- El Kremlin ultima el despliegue de soldados de territorios ocupados en Georgia, mercenarios de Oriente Próximo y más reservas del este del país mientras se ceba en sus ataques con los civiles
Un hombre junto al cadáver de un familiar muerto en el bombardeo a un edificio residencial en Kiev Foto: THOMAS PETER | Vídeo: EPV
María R. Sahuquillo - Odesa (Ucrania) - El País
El avance de las tropas rusas se ralentiza. La resistencia ucrania ―“firme y bien coordinada”, según la ha definido el Ministerio de Defensa británico en su último informe― retiene en sus manos la mayor parte del territorio del país.
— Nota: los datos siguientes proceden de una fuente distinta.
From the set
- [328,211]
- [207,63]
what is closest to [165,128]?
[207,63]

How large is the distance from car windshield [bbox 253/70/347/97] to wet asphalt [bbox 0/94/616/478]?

Las tropas rusas han avanzado con conquistas en el este y, sobre todo, en el sur, pero en los últimos días sus avances “son mínimos”, según el texto elaborado por el espionaje británico. Kiev ha lanzado una contraofensiva, la invasión está “estancada” y Moscú sigue sufriendo numerosas bajas. Aun así, el precio que paga Ucrania es cada vez más alto, con Rusia cebándose con la población para desgastar la resistencia. En Mariupol, asediada desde hace 13 días, los equipos de rescate buscan a supervivientes del bombardeo de un teatro donde se refugiaban “cientos de civiles”, entre ellos muchos niños, según las autoridades ucranias. Moscú niega que sus fuerzas apunten contra objetivos civiles. También rechaza que hayan llevado a cabo un ataque aéreo contra el teatro de Mariupol y culpa a las fuerzas ucranias de hacerlo estallar como una “provocación sangrienta”.